Some aspiring small business owners don’t necessarily seek to start their own ventures, but to revamp, modernize, and customize existing businesses. Of course, buying a business requires money, but small business loans for business acquisition, like SBA 7(a) loans, can be hard to qualify for. And if you’re trying to sell your business, you might have a hard time finding buyers that have the cash readily available to buy you out as quickly as you’d like. So, for both sellers and your prospective buyers, seller financing can be a lifesaver.
You may have heard of seller financing, also known as owner financing, in terms of real estate deals. But it’s a common transaction in the business world, too. Essentially, the original owner of the business offers the new buyer a loan to cover a portion of the price of the business; then, the buyer repays the loan according to agreed-upon terms.
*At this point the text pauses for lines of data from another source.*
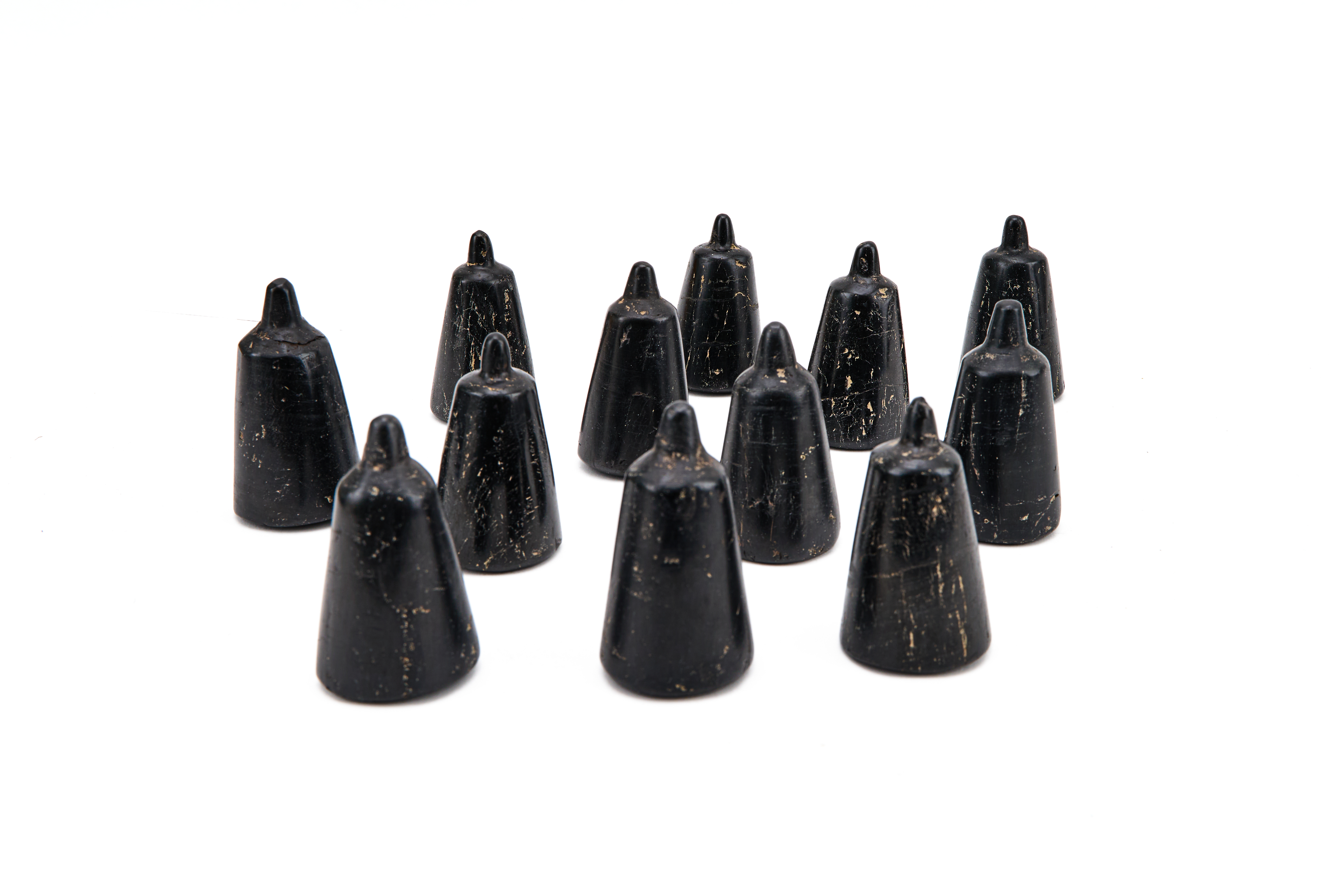 A SET OF TWELVE (12) JET CHESS PIECES, FATIMID, CIRCA 9TH-10TH CENTURY - Image 2 of 4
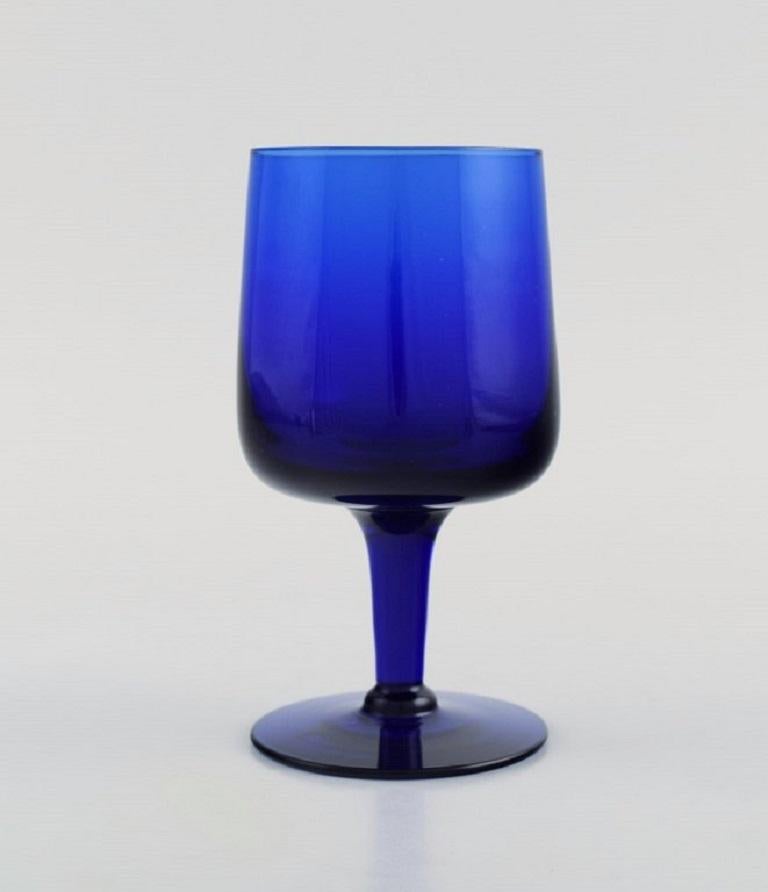 Monica Bratt for Reijmyre, Five Glasses in Blue Mouth-Blown Art Glass In Excellent Condition For Sale In Copenhagen, DK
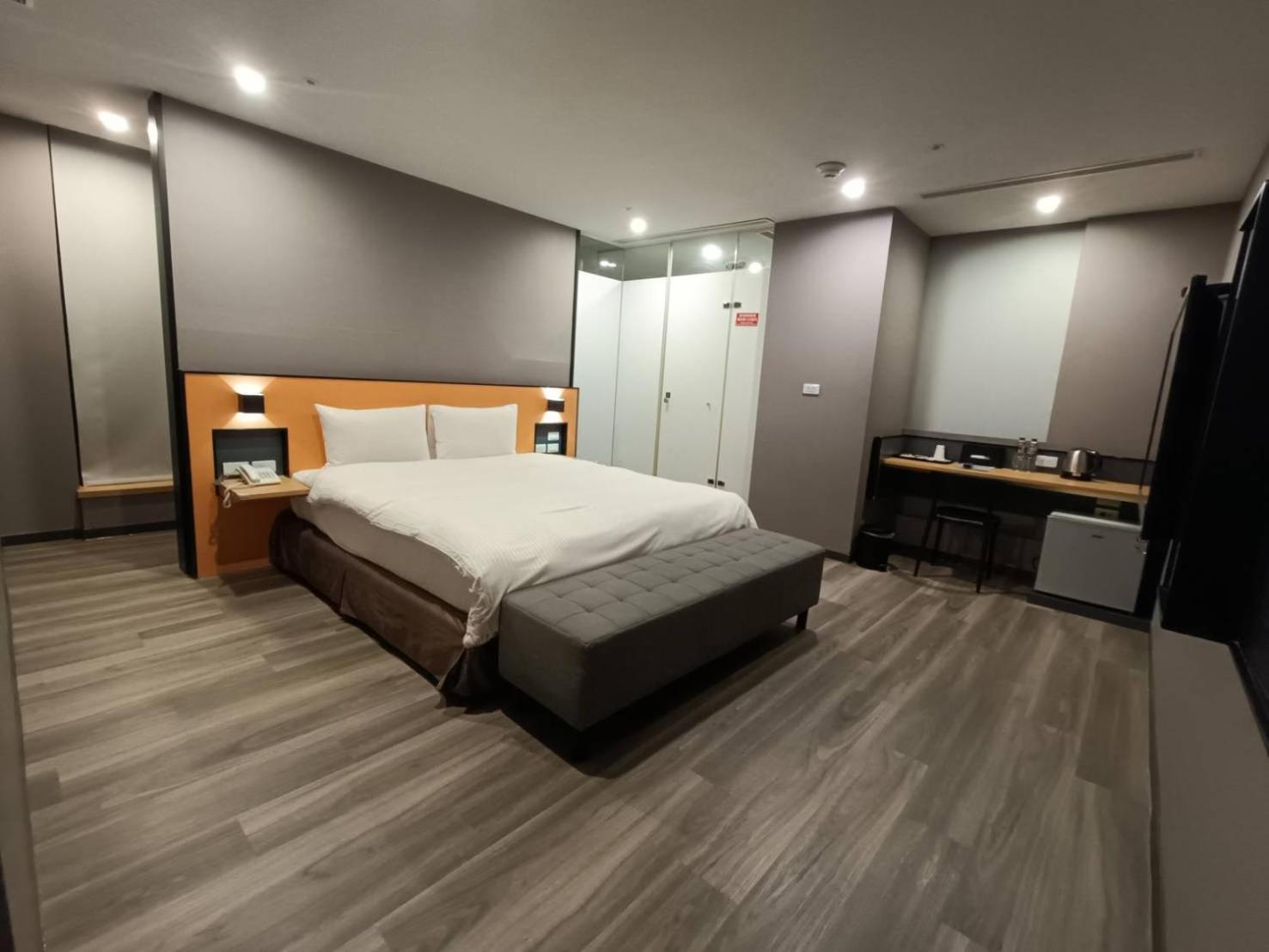 Walker-Taoyuan Hotel Екстериор снимка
Here, we’ll tell you more about seller financing, why you should consider seller financing, and how to tell if seller financing is the best way to let go of your business.
As we mentioned, seller financing is when a business’s original owner—the seller—offers the buyer a loan to cover a portion of the price of the business. First, the buyer makes a down payment in cash, typically in the amount of one-third of the sale price, as soon as the deal is closed. The seller’s loan covers the remaining amount of the sale price, which the buyer repays in regular installments, plus interest, according to the terms set by the lender. Seller financing rarely covers the entire price of a business, so buyers usually use another form of financing in tandem with their seller’s loan.
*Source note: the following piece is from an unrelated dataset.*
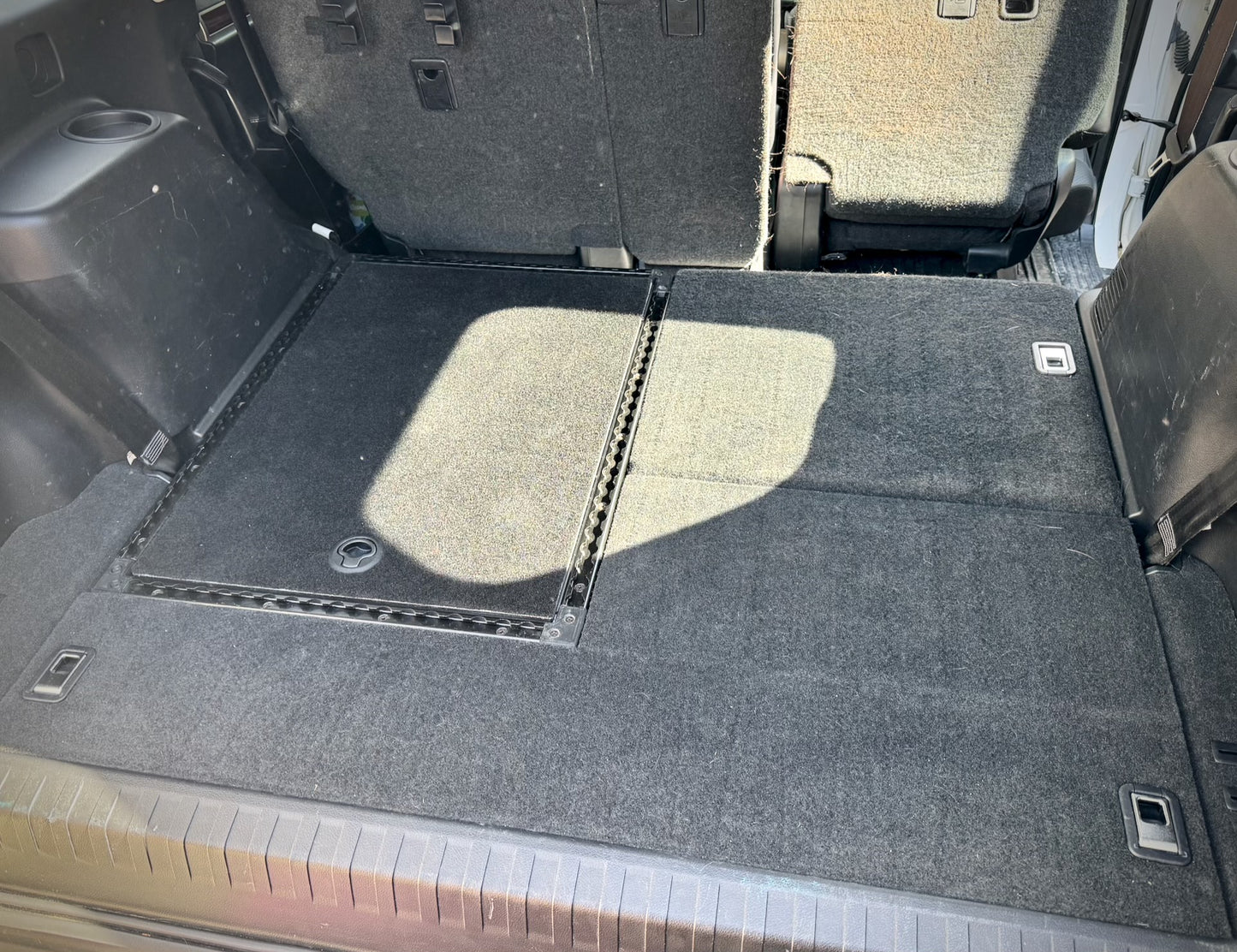 backPAC Cargo Cache, GX460; Left-side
If you choose to sell your business with seller financing, your buyer will pay for a portion of the business upfront in cash. You’ll finance the rest of the sale in the form of a loan. Your lawyer will draw up and file the terms of your loan in a promissory note, which is essentially a legally binding IOU.
Usually, repayment terms for a seller financing loan are similar to those of a business bank loan, with repayment lengths somewhere between three and seven years, monthly repayments, and low interest rates (think 6 to 10%).
If you decide to offer seller financing to sell your business, it’s crucial that you require your buyer to put up collateral. In this instance, you are in the same position as a bank or alternative lender would be in a traditional loan scenario. That means you have the freedom to determine the terms of your loan (with the help of your business broker, financial advisor, and/or your lawyer), but that also means you’re taking on the risk that your buyer will default on their payments—and that you’ll end up losing all that capital.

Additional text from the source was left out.